Top of Data records
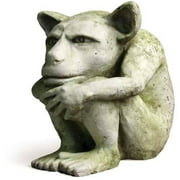 Dedo Large Sculpture - Notre Dame Gargoyles Statue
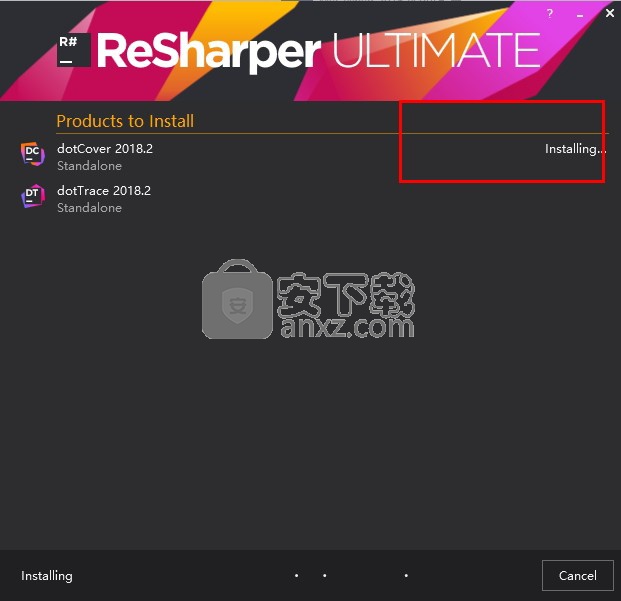 resharper ultimate 2018.2 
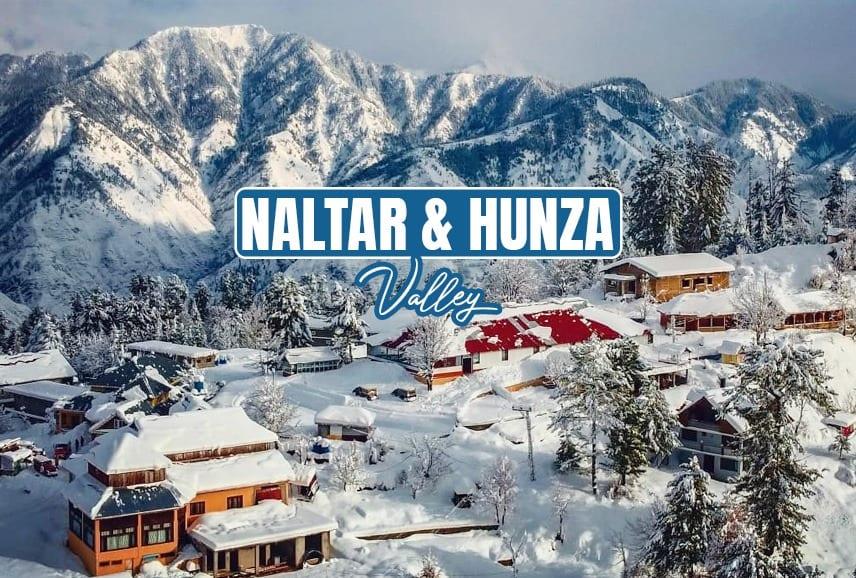 5 days tour to HUNZA VALLEY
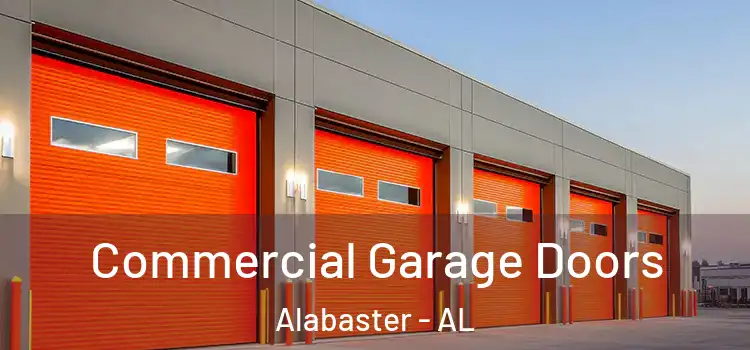  Commercial Garage Doors Alabaster - AL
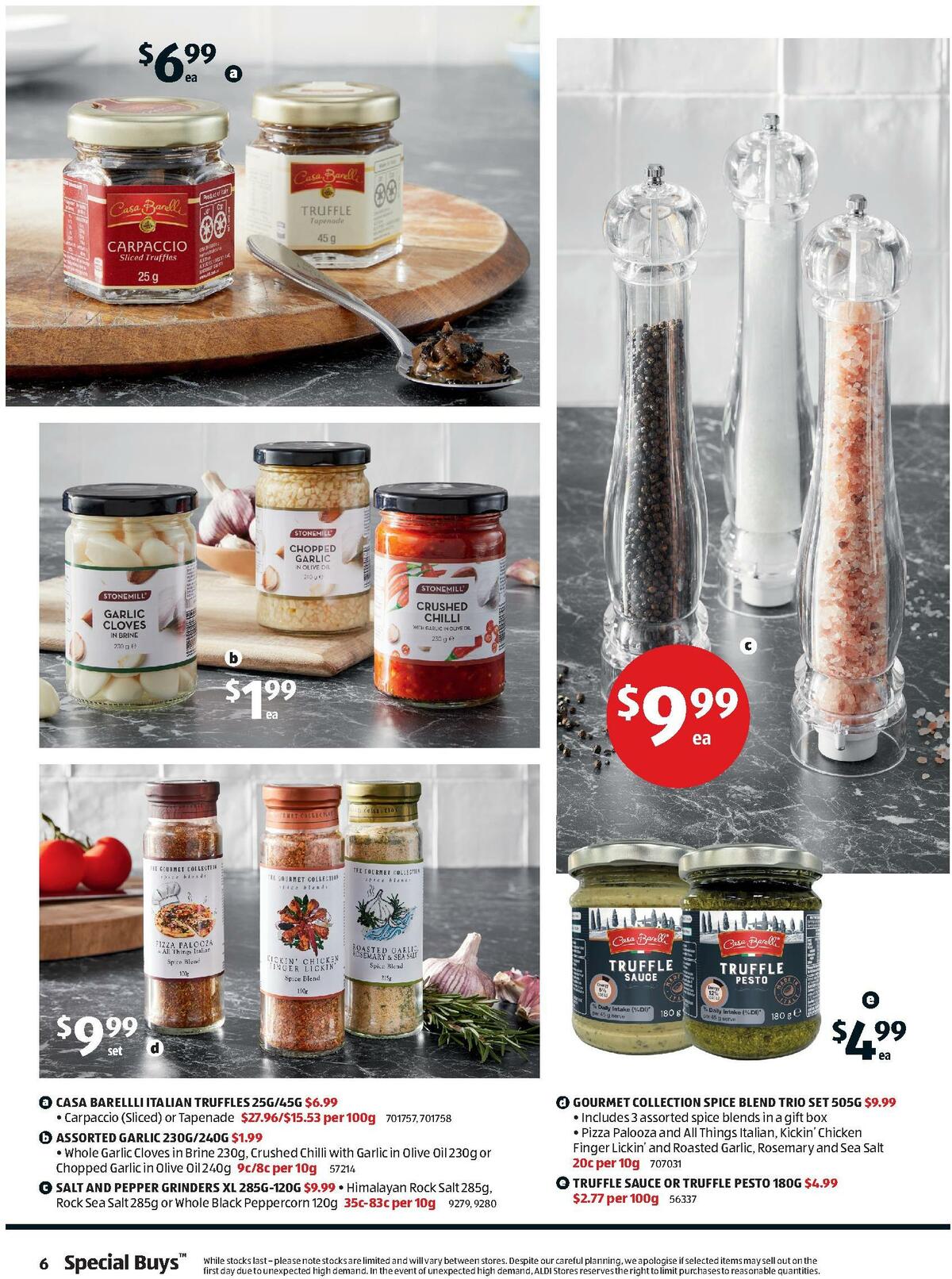 ALDI Catalogues from 21 July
Bottom of Data records
● Assignment: No pictures belong in the answer; copy all other parts of the listing exactly.

● Output of the task:
 Dedo Large Sculpture - Notre Dame Gargoyles Statue
 resharper ultimate 2018.2 
 5 days tour to HUNZA VALLEY
  Commercial Garage Doors Alabaster - AL
 ALDI Catalogues from 21 July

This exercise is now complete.